7. CPU usage
7. CPU usage

HAProxy normally spends most of its time in the system and a smaller part in
userland. A finely tuned 3.5 GHz CPU can sustain a rate about 80000 end-to-end
connection setups and closes per second at 100% CPU on a single core. When one
core is saturated, typical figures are :
  - 95% system, 5% user for long TCP connections or large HTTP objects
  - 85% system and 15% user for short TCP connections or small HTTP objects in
    close mode
  - 70% system and 30% user for small HTTP objects in keep-alive mode
 
The amount of rules processing and regular expressions will increase the user
land part. The presence of firewall rules, connection tracking, complex routing
tables in the system will instead increase the system part.
 
On most systems, the CPU time observed during network transfers can be cut in 4
parts :
  - the interrupt part, which concerns all the processing performed upon I/O
    receipt, before the target process is even known. Typically Rx packets are
    accounted for in interrupt. On some systems such as Linux where interrupt
    processing may be deferred to a dedicated thread, it can appear as softirq,
    and the thread is called ksoftirqd/0 (for CPU 0). The CPU taking care of
    this load is generally defined by the hardware settings, though in the case
    of softirq it is often possible to remap the processing to another CPU.

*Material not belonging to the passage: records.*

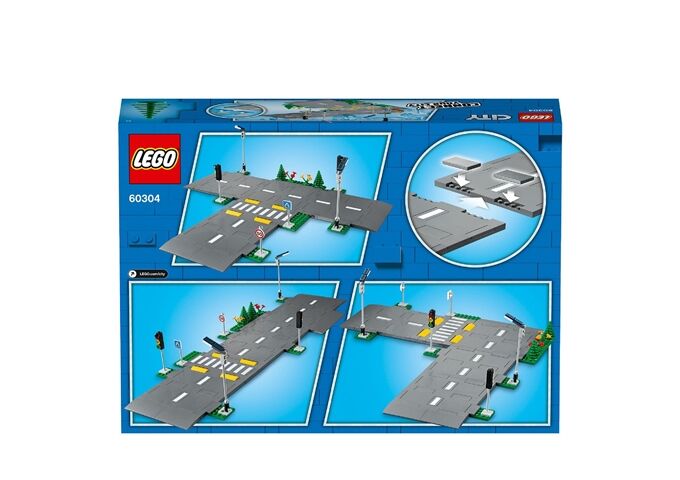 LEGO® LEGO® City 60304 Straßenkreuzung mit Ampeln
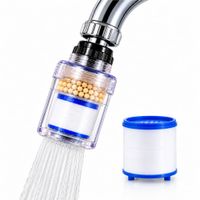 Filtro de Agua para Caño Grifo Cocina Giratorio 360 Lavable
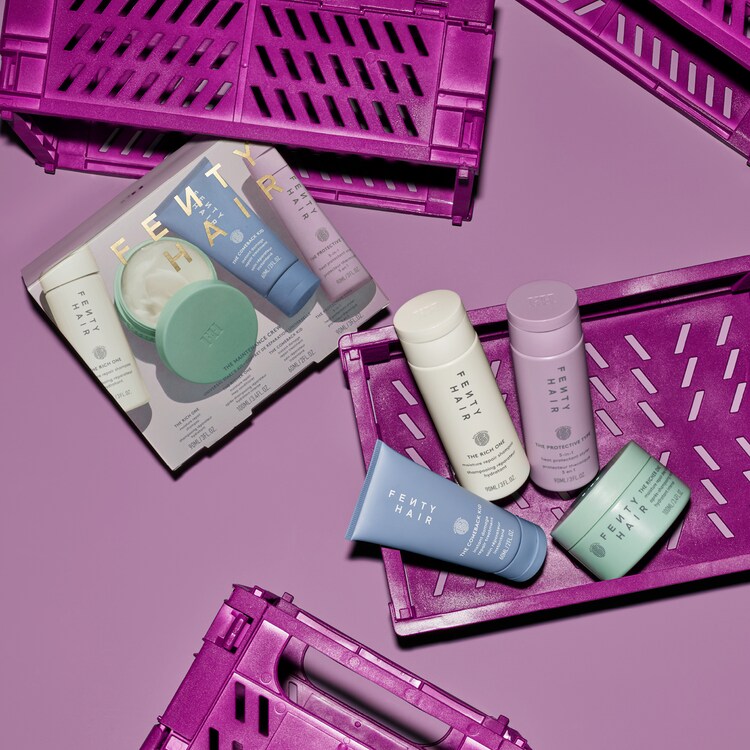 The Maintenance Crew - Coffret de cuidados para o cabelo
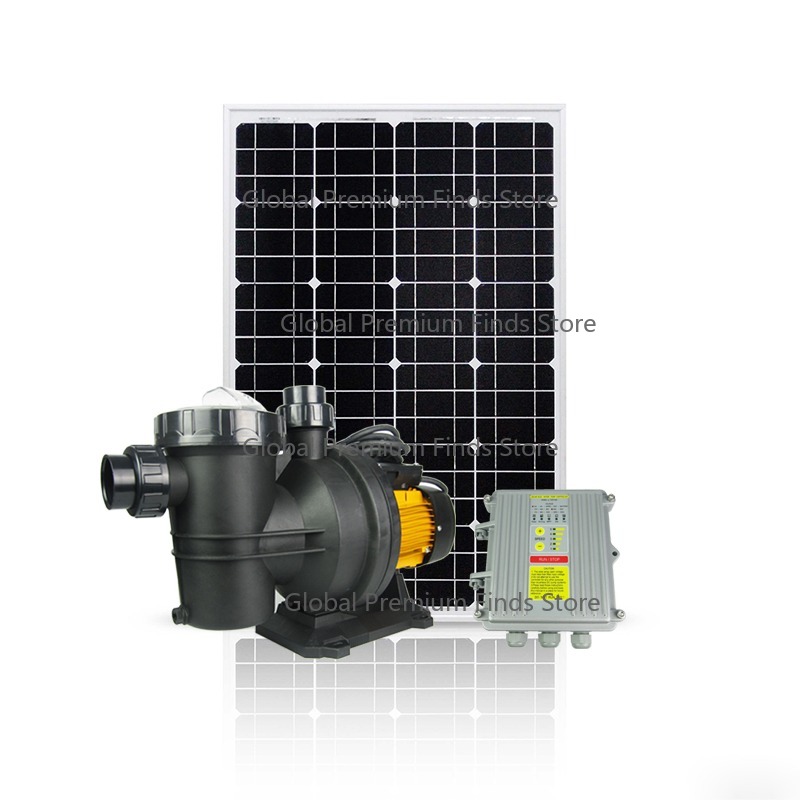 Solar Pool Pump 48V Dc - 48VDC 500W 브러시리스 DC 태양광 수영장용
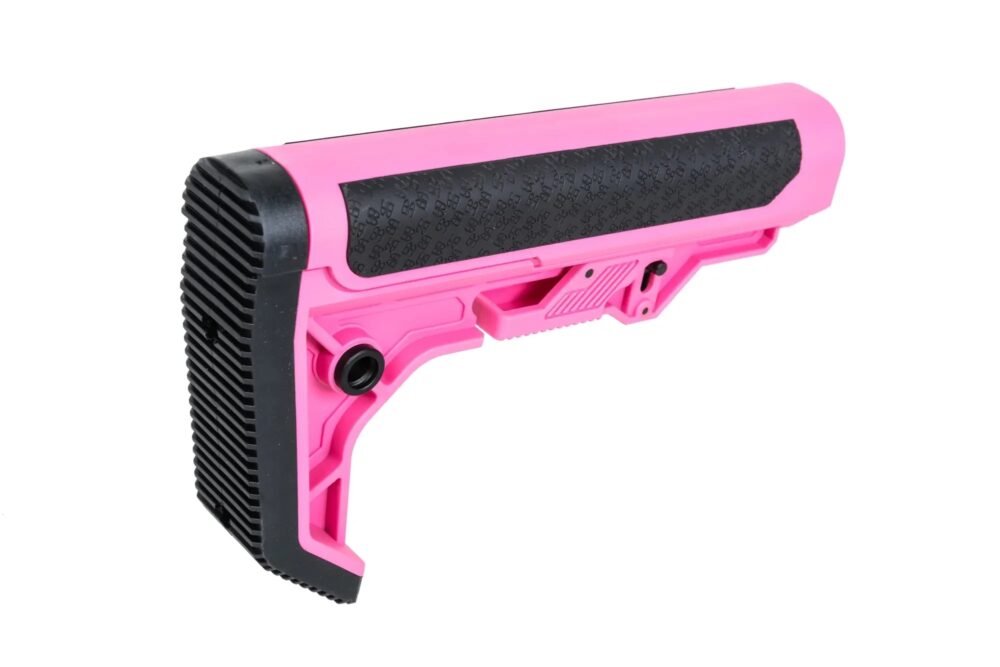SA Light Ops M4 Retractable Stock – Pink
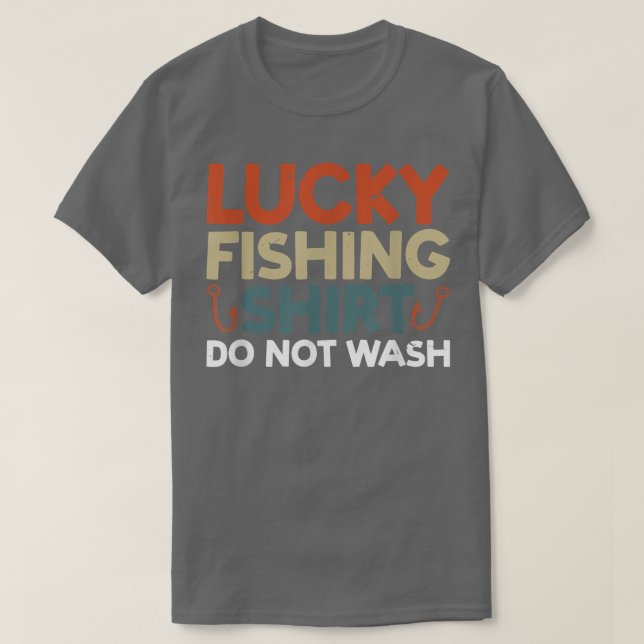 T-shirt Chance Pêche Ne Pas Laver Pêche  (Design devant)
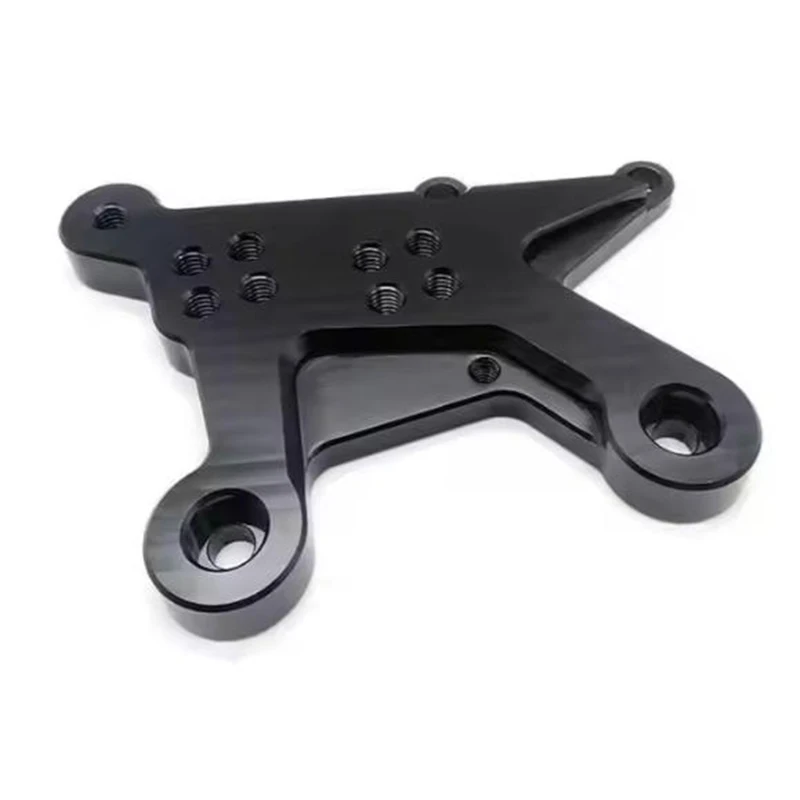 

Customized Cnc Aluminum Machining Service Product Anodizing Color Metal Machining Parts for Base Bracket Fixed Clamp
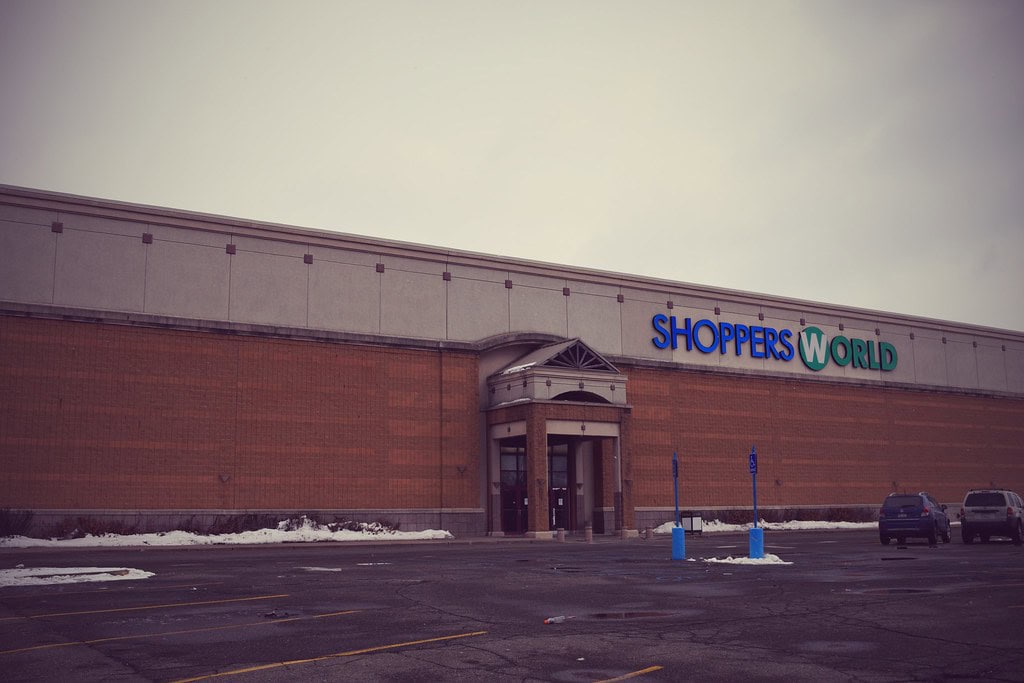 Eastland Center Harper Woods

    This interrupt part will often be perceived as parasitic since it's not
    associated with any process, but it actually is some processing being done
    to prepare the work for the process.
 
  - the system part, which concerns all the processing done using kernel code
    called from userland. System calls are accounted as system for example. All
    synchronously delivered Tx packets will be accounted for as system time. If
    some packets have to be deferred due to queues filling up, they may then be
    processed in interrupt context later (eg: upon receipt of an ACK opening a
    TCP window).
 
  - the user part, which exclusively runs application code in userland. HAProxy
    runs exclusively in this part, though it makes heavy use of system calls.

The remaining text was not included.